### Dataset excerpts
——————

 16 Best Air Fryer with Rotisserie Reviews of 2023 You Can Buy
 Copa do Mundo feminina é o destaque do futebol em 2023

——————

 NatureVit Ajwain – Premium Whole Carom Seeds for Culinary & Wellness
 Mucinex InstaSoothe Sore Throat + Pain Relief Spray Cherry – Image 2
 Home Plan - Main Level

——————

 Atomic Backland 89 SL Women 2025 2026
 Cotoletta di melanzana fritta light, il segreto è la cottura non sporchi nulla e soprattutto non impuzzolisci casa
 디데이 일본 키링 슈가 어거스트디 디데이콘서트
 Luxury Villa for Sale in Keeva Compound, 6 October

——————

### What you need to do
The entries above hold a line with "NatureVit Ajwain –" and a later line with "Home Plan - Main Level". Write out exactly those lines and all lines between, nothing more.

### Answer to this exercise
 NatureVit Ajwain – Premium Whole Carom Seeds for Culinary & Wellness
 Mucinex InstaSoothe Sore Throat + Pain Relief Spray Cherry – Image 2
 Home Plan - Main Level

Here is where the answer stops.